The Showboat WAS actually profitable when Caesars Entertainment shut it down to stabilize their other floundering properties in Atlantic City, a move that put about 1600 people out of work. So it goes.

My meal at The Taj was good... really good; an exquisite roast duck with won-ton soup and a side of fried rice, all washed-down with Tsingtao, my favorite Oriental beer. If ever you go to Trump Taj Mahal, I highly recommend The Rim noodle bar.

My room was good. Not much in the way of amenities -- it didn't even have those soaps that everyone steals. It did have one of those bibles in the nightstand. What casino guestroom would be complete without one. The room was comfortable, clean, and tasteful, and it had a nice view of the town.

I woke-up early and watched to sun rise on Atlantic City's scramble of casinos, parking lots, and row-upon-row of sorry narrow, little houses.
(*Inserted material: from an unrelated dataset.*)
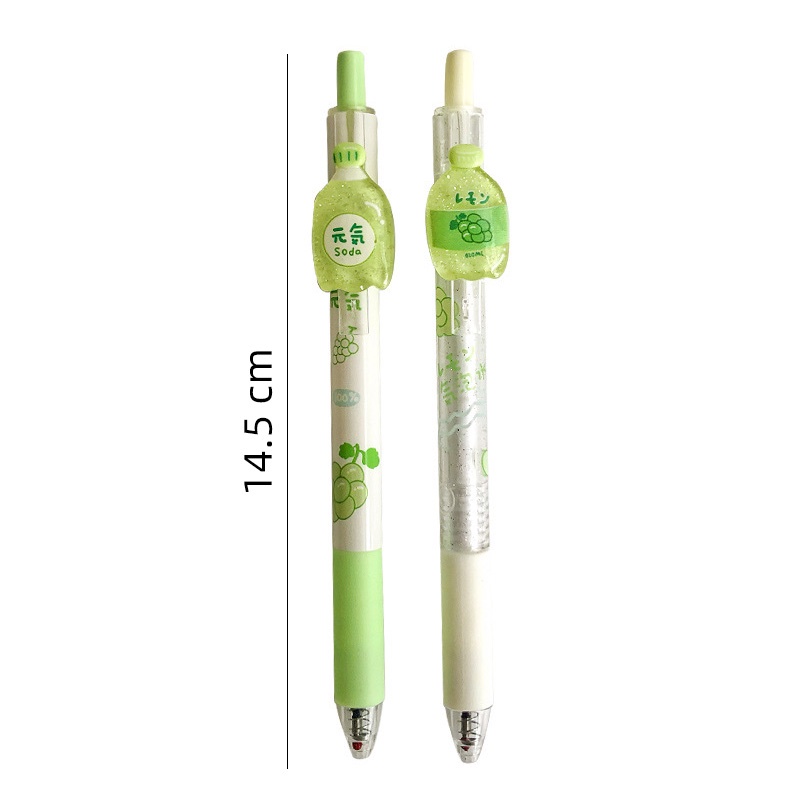 Pulpen Tinta Hitam 0.5mm Seri Jus Lime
The thousand technicolor lights at night give way to a slummy spread of grey and brown criss-crossed by drunk drivers and resort staff shuffling-out into fresh air, cigarettes dangling from their mouths and spent looks on their faces. Putting-in your hours for a dying beast is hard work, after all. Few sights are so sublime. Few sights are so beautiful. And few sights are so worth writing about.

I could hear the ambient noise of CNN coming from my room TV. I could hear Donald Trump doing what he does best, selling himself. He's a rich kid from Queens... a commercial for Ronco's Great Looking Hair... an icon... and most importantly, a real estate developer. We hear a lot a ra-ra from people who take him seriously and as a result either love him or hate him. But let's never forget that Donald Trump was born and bred in the world of real estate, where bullshit is expected, needed, and rewarded. It's not real, it's just the deal.
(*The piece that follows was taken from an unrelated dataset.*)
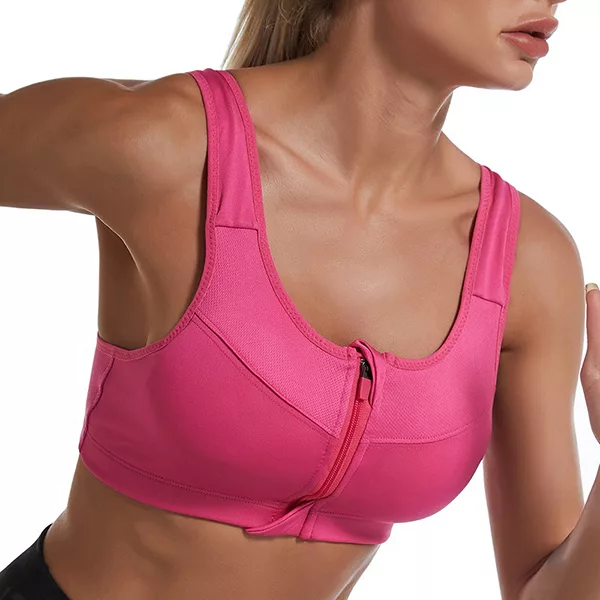 sujetador deportivo, sujetador deportivo con cremallera delantera, sujetador deportivo con cierre delantero, sujetador de yoga, sujetador deportivo con cremallera, top de yoga, top deportivo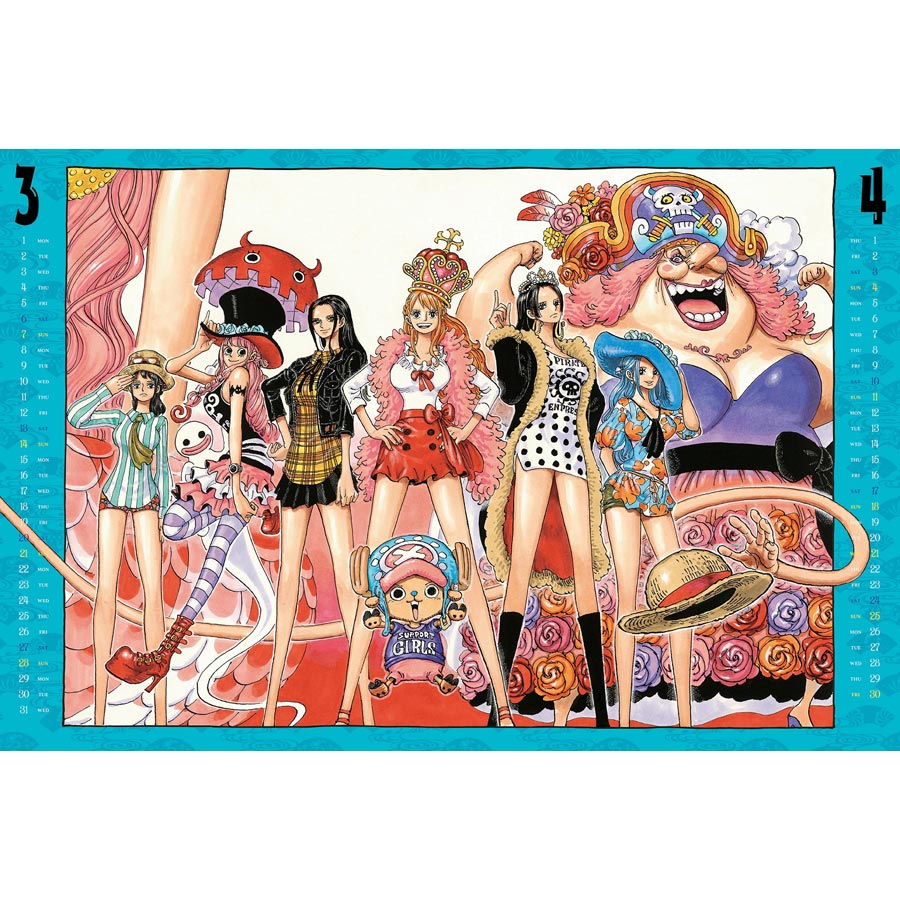 Lịch Treo Tường One Piece 2021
The Donald embodies that ideal. He's part hustler, part huckster, part exhibitionist, all promises, and no substance. Much like Atlantic City, a town built and rebuilt by all of those qualities. And perhaps that's what lured Trump there in the 80's, when AC was still a decaying city-by-the-sea in need of a new hustle, a new huckster, a new show, and a new promise. But it always is, the hustle stutters-out, the hucksters leave town, and show gets old, and the promises don't get paid for.

Watching the sun rise from my window in that wildly gaudy skyscraper that Trump built then left behind, and hearing his newest pitch on CNN, I could see that what Trump and guys like him sold Atlantic City way back when, was ultimately a dud. So it goes.